Congenital stationary night blindness (CSNB) is an inherited retinal disease (IRD) that causes night blindness in childhood with heterogeneous genetic, electrophysical, and clinical characteristics. The development of sequencing technologies and gene therapy have increased the ease and urgency of diagnosing IRDs. This study describes seven Taiwanese patients from six unrelated families examined at a tertiary referral center, diagnosed with CSNB, and confirmed by genetic testing. Complete ophthalmic exams included best corrected visual acuity, retinal imaging, and an electroretinogram. The effects of identified novel variants were predicted using clinical details, protein prediction tools, and conservation scores. One patient had an autosomal dominant CSNB with a RHO variant; five patients had complete CSNB with variants in GRM6, TRPM1, and NYX; and one patient had incomplete CSNB with variants in CACNA1F. The patients had Riggs and Schubert-Bornschein types of CSNB with autosomal dominant, autosomal recessive, and X-linked inheritance patterns. This is the first report of CSNB patients in Taiwan with confirmed genetic testing, providing novel perspectives on molecular etiology and genotype-phenotype correlation of CSNB. Particularly, variants in TRPM1, NYX, and CACNA1F in our patient cohort have not previously been described, although their clinical significance needs further study. Additional study is needed for the genotype-phenotype correlation of different mutations causing CSNB. In addition to genetic etiology, the future of gene therapy for CSNB patients is reviewed and discussed.
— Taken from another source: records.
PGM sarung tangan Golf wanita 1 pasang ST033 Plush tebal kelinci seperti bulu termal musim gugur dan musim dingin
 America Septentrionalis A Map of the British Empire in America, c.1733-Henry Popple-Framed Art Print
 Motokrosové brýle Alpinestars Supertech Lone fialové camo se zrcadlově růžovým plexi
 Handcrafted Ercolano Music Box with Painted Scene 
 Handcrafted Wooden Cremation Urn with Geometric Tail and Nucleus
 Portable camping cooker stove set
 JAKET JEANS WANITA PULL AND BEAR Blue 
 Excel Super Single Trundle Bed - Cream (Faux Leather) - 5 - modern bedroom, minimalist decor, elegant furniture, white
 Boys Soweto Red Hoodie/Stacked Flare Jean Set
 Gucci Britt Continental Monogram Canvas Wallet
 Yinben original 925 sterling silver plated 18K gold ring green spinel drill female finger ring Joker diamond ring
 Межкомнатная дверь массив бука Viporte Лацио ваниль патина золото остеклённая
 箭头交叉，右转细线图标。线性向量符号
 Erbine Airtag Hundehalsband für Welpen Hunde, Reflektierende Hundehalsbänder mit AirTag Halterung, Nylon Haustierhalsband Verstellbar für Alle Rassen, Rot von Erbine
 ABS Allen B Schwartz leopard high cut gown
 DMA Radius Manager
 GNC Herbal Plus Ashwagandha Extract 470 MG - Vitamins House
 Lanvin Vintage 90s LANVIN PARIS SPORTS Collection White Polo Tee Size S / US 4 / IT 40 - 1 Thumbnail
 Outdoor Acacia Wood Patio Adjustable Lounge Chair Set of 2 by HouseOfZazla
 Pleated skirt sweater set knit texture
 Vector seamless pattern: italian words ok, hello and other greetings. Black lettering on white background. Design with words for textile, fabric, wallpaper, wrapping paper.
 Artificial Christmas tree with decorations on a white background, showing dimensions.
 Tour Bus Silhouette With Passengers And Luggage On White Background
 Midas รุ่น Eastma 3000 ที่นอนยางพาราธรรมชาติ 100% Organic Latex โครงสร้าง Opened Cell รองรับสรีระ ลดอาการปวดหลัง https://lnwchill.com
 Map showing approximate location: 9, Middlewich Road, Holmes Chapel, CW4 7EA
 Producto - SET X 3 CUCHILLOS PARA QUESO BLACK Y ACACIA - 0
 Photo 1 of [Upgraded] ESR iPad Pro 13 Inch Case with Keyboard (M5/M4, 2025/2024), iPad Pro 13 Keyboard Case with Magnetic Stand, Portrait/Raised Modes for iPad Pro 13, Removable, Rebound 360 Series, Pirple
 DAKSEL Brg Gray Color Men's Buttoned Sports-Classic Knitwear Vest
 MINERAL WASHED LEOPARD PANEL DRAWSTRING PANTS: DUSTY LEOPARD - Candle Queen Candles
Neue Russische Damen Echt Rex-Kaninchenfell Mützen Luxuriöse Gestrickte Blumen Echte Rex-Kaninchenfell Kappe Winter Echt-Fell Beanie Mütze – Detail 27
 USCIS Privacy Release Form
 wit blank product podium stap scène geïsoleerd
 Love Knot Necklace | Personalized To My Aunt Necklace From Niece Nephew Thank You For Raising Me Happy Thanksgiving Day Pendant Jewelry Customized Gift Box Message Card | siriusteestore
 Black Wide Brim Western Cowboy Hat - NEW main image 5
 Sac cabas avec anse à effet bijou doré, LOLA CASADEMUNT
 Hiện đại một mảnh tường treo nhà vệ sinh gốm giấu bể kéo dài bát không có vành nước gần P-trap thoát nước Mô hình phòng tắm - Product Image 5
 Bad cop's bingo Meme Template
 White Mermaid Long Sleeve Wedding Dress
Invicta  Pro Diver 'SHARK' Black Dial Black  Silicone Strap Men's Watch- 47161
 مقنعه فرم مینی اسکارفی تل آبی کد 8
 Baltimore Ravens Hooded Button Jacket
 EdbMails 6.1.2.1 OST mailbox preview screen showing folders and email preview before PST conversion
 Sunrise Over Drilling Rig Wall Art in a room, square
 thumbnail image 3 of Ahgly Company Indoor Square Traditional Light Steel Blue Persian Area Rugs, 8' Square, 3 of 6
Keywords: congenital stationary night blindness; inherited retinal disease; retinitis pigmentosa.

Figure 1

Color fundus imaging. Patient 1 presented with normal fundus photography without any bone spicules, arteriolar attenuation, or disc pallor. Color fundus imaging showed peripapillary atrophy and a temporal crescent in both eyes. Patient 2 had normal color fundus photography except a nevus in the right periphery. Patient 3′s color fundus photography showed tessellated fundus and a large optic nerve in both eyes with slightly enlarged cupping in the left eye. Patients 4–7 presented with normal fundus photography.

Figure 2

Short-wave autofluorescence (SW-AF) imaging. Each number corresponds to the patient number, with the right eye first followed by the left eye. Patients 1, 2, 6, and 7 showed normal findings. The image for patient 5 is qualitatively within the normal for AF. From the available images, patients 5, 7, and the right eye of patient 6 could be classified as granular; however, this is most likely artefactual.

Figure 3

Spectral domain optical coherence tomography (SD-OCT) imaging. Each number corresponds to the patient number, with the right eye first followed by the left eye. Patient 1 had an intact ellipsoid (EZ) line and thin choroid in both eyes. Patient 2 had intact inner and outer segment lines. Patient 3 had intact EZ lines and a normal retinal architecture in both eyes. Patient 4 had an intact EZ line in the right eye, and SD-OCT in the left eye showed no obvious defect in the anatomical structure except for a thinner retina. Patient 5 had a normal SD-OCT. Patient 6 had an overall thin retina. Patient 7 had dome-shaped macula in his right eye, and an intact EZ line in both his eyes.

Figure 4

Patients’ full field electroretinogram waveforms.

Figure 5

Phase determination for compound heterozygous patients 2–5.